In this post I want to talk about the IoCreateStreamFileObject API, as well as the difference between what is normally referred to as an FCB or an SCB and a FILE_OBJECT. But before that I'm going to rant a bit about my favorite subject, namespaces :).

Any stateful communication protocol needs a way to identify the connection once it has been established. In a lot of cases the requestor of the service initiates the connection and receives back a token that identifies the connection to the provider of the service. This token belongs to the namespace of the service provider. This is the case with file handles (a caller requests a file to be opened and they get back a token which they can then use when requesting reads and writes), network connections (where the token is a socket), web pages (the user logs on to a server, receives a session token or a cookie) and many other things. However, the protocol could also go the other way around, where the user could create a token (which would then belong to the user's namespace) and pass it in with the session initiation request. In such a scenario, opening a file would more like "hey file system, I plan to read from a file and I will use the value 123 for it, so whenever you see value 123 know that I'm talking about that file". So as you can see an important question when designing a protocol is who should learn the other's context? Should it be the service provider or the server requestor ? It's pretty easy with people because they can never remember some else's context (a token that someone else gives them) so in that case whichever end of the protocol needs human interaction should be the one that generates the token. For example, each file in a file system can be opened by ID, but humans still prefer names even though they could in theory learn the ID. Or when browsing a web page people don't remember the URL at the top for each page they visit, even for web pages where that URL doesn't change. In fact the reason Google is such a big company is because they figured out that people don't remember URLs even when they aren't random characters, but instead people remember key phrases about the page they're looking for (that's their token, not the URL).
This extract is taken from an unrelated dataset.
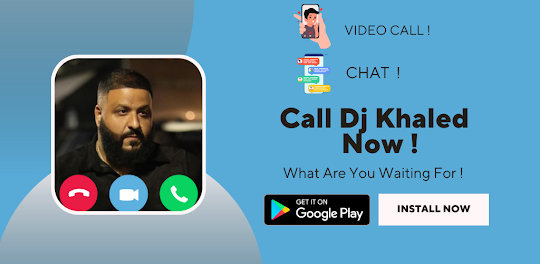 Dj Khaled Fake Call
Going even further one could argue that the whole history of computer science is the history of building contexts for people . Assembly language was a way to associate names that were meaningful to people with memory locations (so instead of the human operator remembering the address, which is the machine's context, the human operation would remember a name and the assembler would convert that name into the address). A file system is a way to associate disk locations with a name and so on.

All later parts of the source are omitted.